Machine Learning Engineer, Platform
RemoteUnited States or New York City, New York, United States
Job Summary
Turn pod needs into platform capabilities by identifying general patterns within urgent requests without premature abstraction. Own capabilities end-to-end, assuming full responsibility for behavior in production across every deployment that utilizes the feature. Engineer for production reality by navigating accuracy, latency, cost, and reliability across complex institutional environments. Raise the bar across the company by converting learnings from one team into inheritable platform assets. Serve customers on both sides of the wall, acting as true customers for project pods and domain experts for the workflows they power. Work at the research frontier with production stakes, transforming LLMs, RL fine-tuning, and agentic systems into capabilities that dozens of institutional workflows depend on simultaneously.
Required Qualifications
- You understand how machine learning actually works — not just the tooling, but the philosophy underneath: what a loss function really optimizes, how generalization breaks under distribution shift, why evaluation is where systems quietly go wrong.
- You live at the bleeding edge of modern AI, with hard-won instincts for squeezing the most out of LLMs and agentic systems — prompting, fine-tuning, tool use, and reasoning.

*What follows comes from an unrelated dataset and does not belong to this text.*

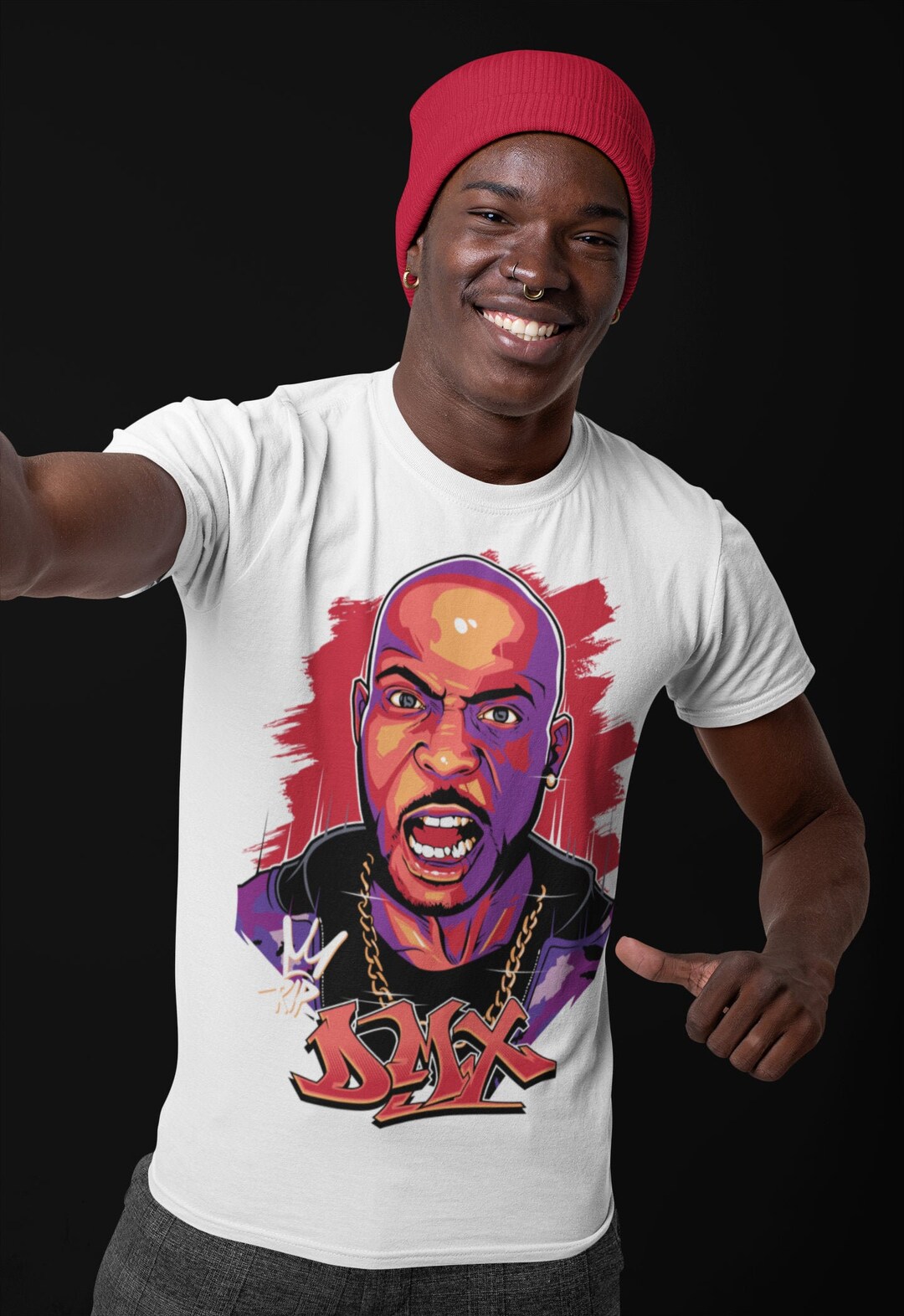 yeezy dmx tribute shirt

- You know when a fine-tuned segmentation model beats a VLM, when a rule engine beats both, and how to compose all three into a system more accurate than any single model.
- You treat frontier models as components to be measured, pushed, and engineered — never as magic.
- You have the platform instinct: you spot the general capability hiding inside three teams' specific requests — and know when generalizing is premature.
- You treat internal teams as real customers with real deadlines, and measure your success in their velocity.
- You're energized by building things that have never existed, and comfortable when the problem, the data, and the definition of success all have to be invented at once.
- You'll build the models behind both loops: Institutional Intelligence that compounds and A foundation model for construction documents.
- You'll build the machinery that keeps the promise of Continuous improvement, engineered: capturing production corrections, triaging failures to the component that caused them, and turning that signal into retraining and safe redeployment — automatically, across every use case.
- Turn pod needs into platform capabilities — find the general capability inside one team's specific, urgent request, without over-abstracting before the pattern is proven.
- Own capabilities end-to-end. There is no handoff: whoever builds the capability owns its behavior in production, across every deployment that uses it.
- Work at the research frontier with production stakes, turning LLMs, RL fine-tuning, and agentic systems into capabilities that dozens of institutional workflows depend on at once.
- Engineer for production reality, navigating accuracy, latency, cost, and reliability across environments far messier than any benchmark.
- Raise the bar across the company. The platform is how learnings travel: what one pod discovers, you turn into something every pod inherits.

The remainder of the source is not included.